Up next at SPIN is Rod Wissler, Director of Research and Research Training at QUT - he begins by stressing again the question of innovation in addition to a focus on artistic practice; this also enables artistic practitioners to measure the impact of their work. He notes the long-term impact, for example, of a work such as James Joyce's Ulysses on the Irish economy, even though such impact would have been entirely impossible to forecast at or before the point of publication of the book. This is a problem for artists attempting to claim their relevance and significance, of course, and points to the continuing need for advocacy by bodies such as CHASS.

Rod now turns to three key areas:

  • students and staffing
  • infrastructure
  • links between teaching, research and industry

Students and staffing presents a problem as student/staff ratios are rising; however, teaching in artistic fields has been a crucial driver of innovation in these areas. The imperative of creative problem-solving, communication and teamwork has also been well-recognised here, and adds to students' employability. Because of this, creative industries disciplines also provide a great deal of service teaching into virtually all other areas. However, increasingly teaching has been delivered by a casual staff workforce due to declining funds. Other funding sources will need to be explored, and the Australian academic workforce needs to be regenerated.

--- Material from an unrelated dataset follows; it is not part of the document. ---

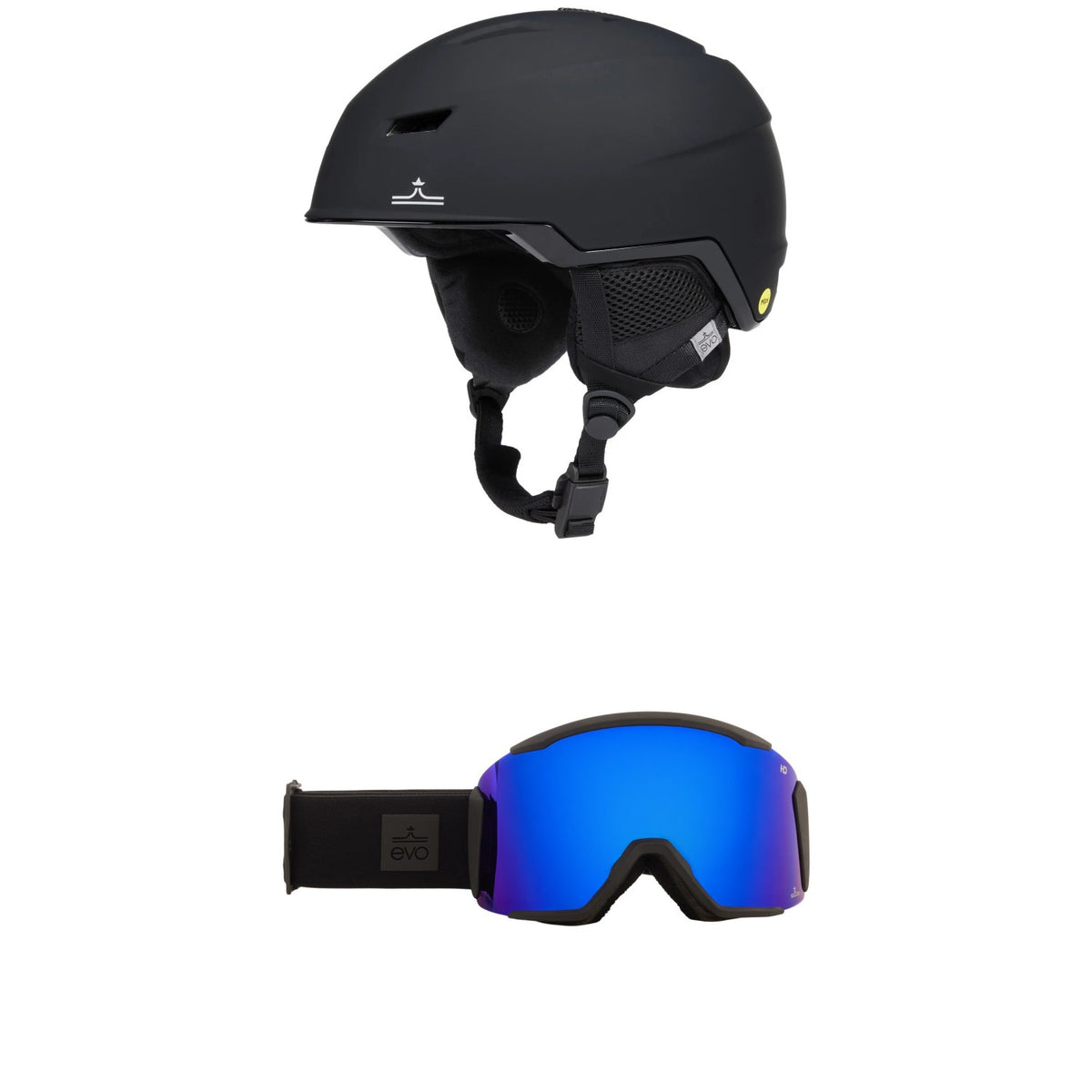 evo Felsen MIPS Helmet + evo Felsen Goggles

Ironically, student demand for courses in these areas continues to grow; there may need to be concerted efforts across the university, TAFE, and high school sectors to deal with this, and even private tuition might come to play a growing role here. In other words, high-quality university education in the creative industries fields offers an important contribution to a wide range of courses as well as its own specialist degrees.

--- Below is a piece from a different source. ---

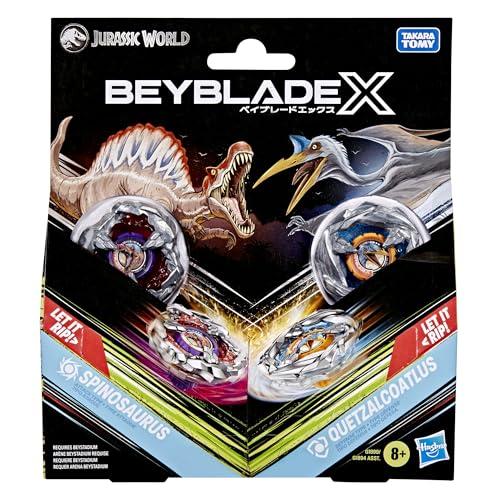 Hasbro Beyblade X in collaborazione con Jurassic World, Spinosauro vs. Quetzalcoatlus, Confezione Multipla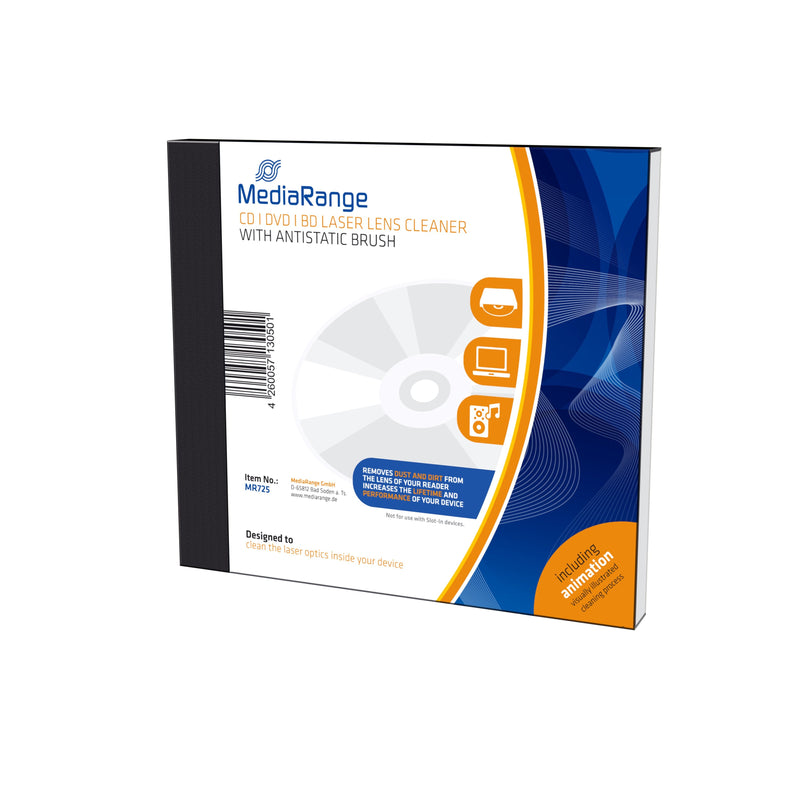 Mediarange MR725 Kit Cleaning Computadora Líquido And Cd Cleaning Equipos PC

In terms of infrastructure, Rod points to the spaces, materials, and other resources required for creative industries practices. He notes that in contrast to scientific disciplines the creative industries have so far not made enough claims for key infrastructure items, and do not currently explore well enough the potential for sharing these resources.

Rod continues by pointing out that research-led teaching must be viewed as fundamental to creative industries disciplines. The fluidity of authority in learner/teacher roles in this environment contributes to innovation in this context. Further, the involvement of industry in such practices will be crucial, both as far as staff and student opportunities and as infrastructure are concerned. New pathways towards cooperation are becoming available, also because industry is increasingly staffed by people with tertiary qualifications in their fields who have experienced university and know the contributions university staff and students can make to their work. These new cultural industry leaders may be either very important advocates or very damaging critics, however, and their voices will be heard; all going well they will also be the facilitators of a broader uptake of our artistic speculations. This is because the work of academic practice-led researchers is diffused not by conferences, publications, and other traditional academic venues, but through concentric circles of artists, exhibitions, festivals, etc. This also requires a better involvement of industry leaders at conferences and in other academic fora, then, to begin the wider diffusion process.

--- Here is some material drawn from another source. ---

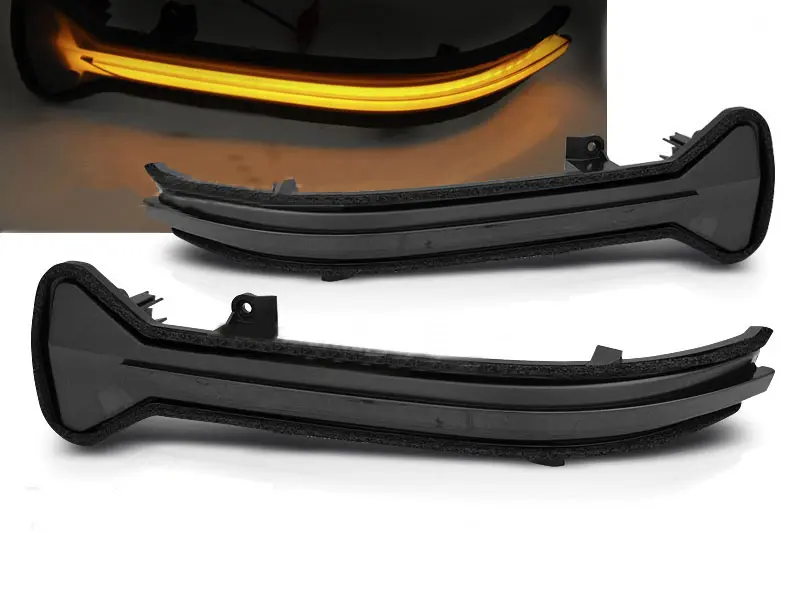 Blinklys sidespeil LED Dynamisk BMW 5 (G30/ G31) / BMW 7 (G11/ G12) SMOKE LED SEQ – bilde 2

Any advocacy position for the cultural or creative industries which downplays or denigrates the high arts sector is confusing and counter-intuitive, Rod further notes. The high arts sector is vital to the impact of the broader field. On the other hand, the broad base of popular and amateur involvement also needs to be recognised from an academic perspective; such points of broad popular contact must not be regarded by academic researchers as irrelevant. Amateurs and hobbyists are informed consumers and active participants in the creative, knowledge economy (that's a very conservative view - in fact active their involvement is much greater even than this already, I think!). Academic disciplines will benefit from adopting a much broader, inclusive conceptualisation of their fields. This must also extend to sister disciplines in the academy in order to foster a broader and more interdisciplinary knowledge base which overcomes an overly disciplinary, siloised focus.